JAKARTA, RAKYATJATENG – Komisi Pemilihan Umum RI (KPU) tengah mengupayakan pemberlakuan aturan mantan narapidana (napi) korupsi menjadi calon anggota legislatif (caleg) di pemilihan umum (pemilu) 2019. Aturan ini dijelaskan hanya sebagai penegasan dari Undang-undang (UU) Pemilu nomor 7 tahun 2017. Sehingga dapat dipastikan bahwa wacana ini tidak menyalahi aturan yang ada.

Menanggapi hal ini, pakar hukum pidana Universitas Trisakti Jakarta, Abdul Fickar Hadjar mengatakan, tidak ada alasan bagi DPR untuk tidak mengesahkan aturan ini. Bahkan adanya wacana ini akan membantu partai politik (parpol) dalam menyeleksi caleg yang akan diusung.

“Saya kira tidak ada alasan DPR untuk menolaknya, karena ketentuan ini sesungguhnya telah dan akan membantu parpol dalam menyeleksi kader yang bersih, yang tidak akan merugikan negara,” ungkap Fickar, Kamis (19/4).

Di sisi lain Fickar menilai aturan ini sebagai lambang perwujudan bahwa partai politik belum bisa melakukan kaderisasi dengan baik. Sehingga selama ini banyak para anggota legislatif yang terperangkap di dalam pusaran korupsi.
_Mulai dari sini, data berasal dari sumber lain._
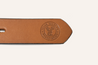 Leather strap with "Texas Wildlife Association (PREORDER)" and a deer logo embossed on it, celebrating conservation efforts, isolated on a white background by Zilker Belts.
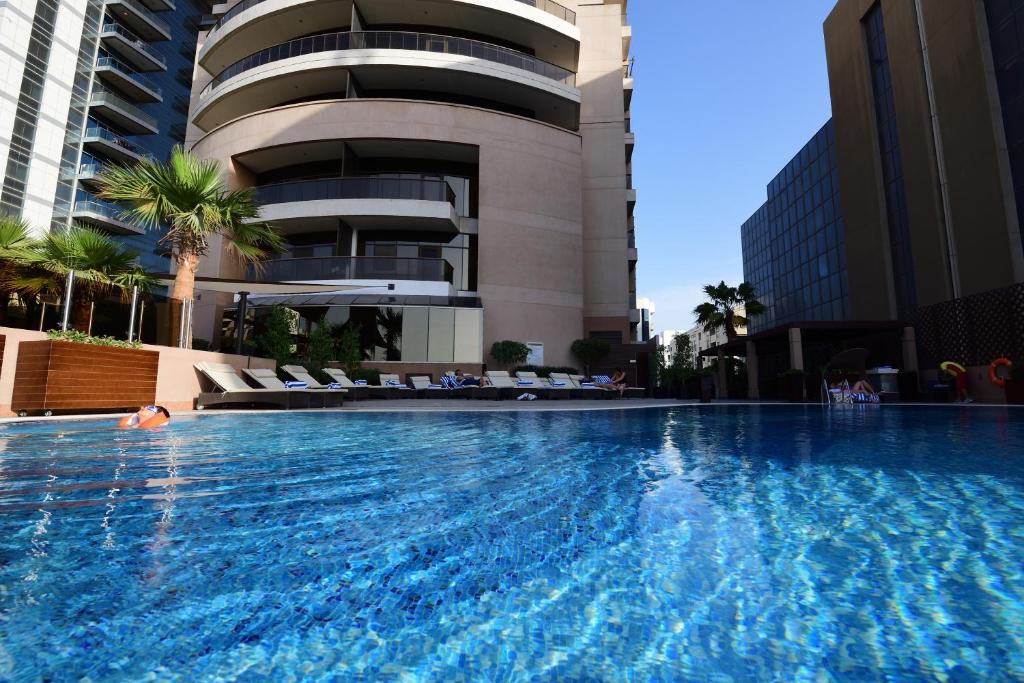 迪拜Majestic City Retreat Hotel的大楼前的大型游泳池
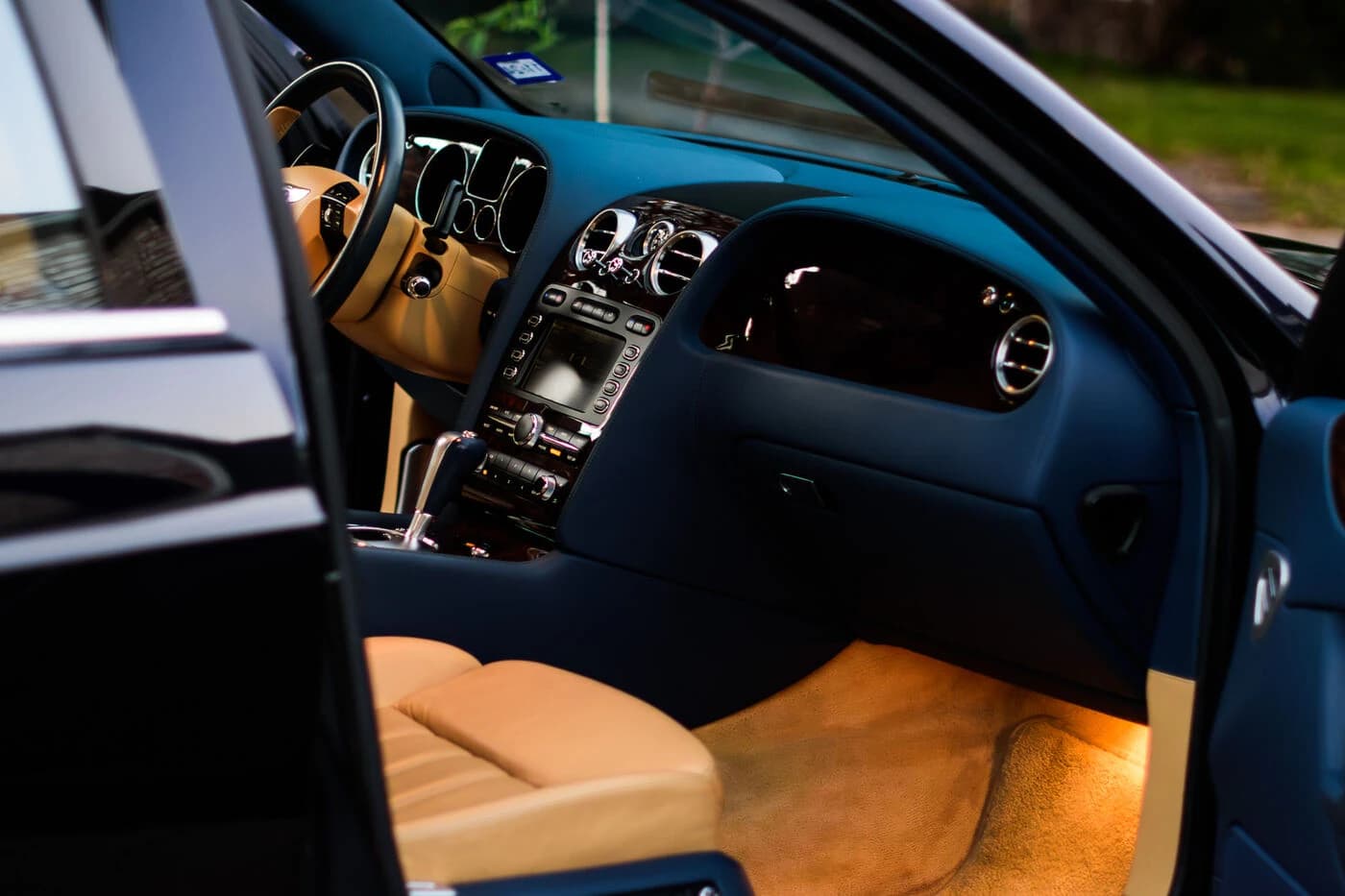 Tan leather interior of a 2008 Bentley Continental Flying Spur, cleaned and conditioned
Aturan ini juga untuk mengurangi praktik perekrutan kader oleh parpol dengan penilaian tingkat kemampuan ekonomi. Sudah saatnya parpol mengubah orientasinya dengan berfokus pada pembangunan bangsa, dengan menjadikan Indonesia sebagai negara bebas korupsi.

“Ini juga menunjukan parpol belum berfungsi dengan baik dalam melahirkan kader-kadernya. Kebiasaan merekrut kader karena kemampuan ekonominya, seharusnya juga dihentikan. Parpol harus menunjukan niat baiknya membangun bangsa dengan membersihkannya dari korupsi melalui pola rekrutmen kadernya,” tegas Fickar.

Sementara itu, Fickar melihat aturan ini akan menghilangkan hak politik eks napi korupsi. Namun jika dilihat manfaatnya sebagai penyelamat kepentingan negara, maka tidak ada salahnya jika aturan ini tetap diterapkan.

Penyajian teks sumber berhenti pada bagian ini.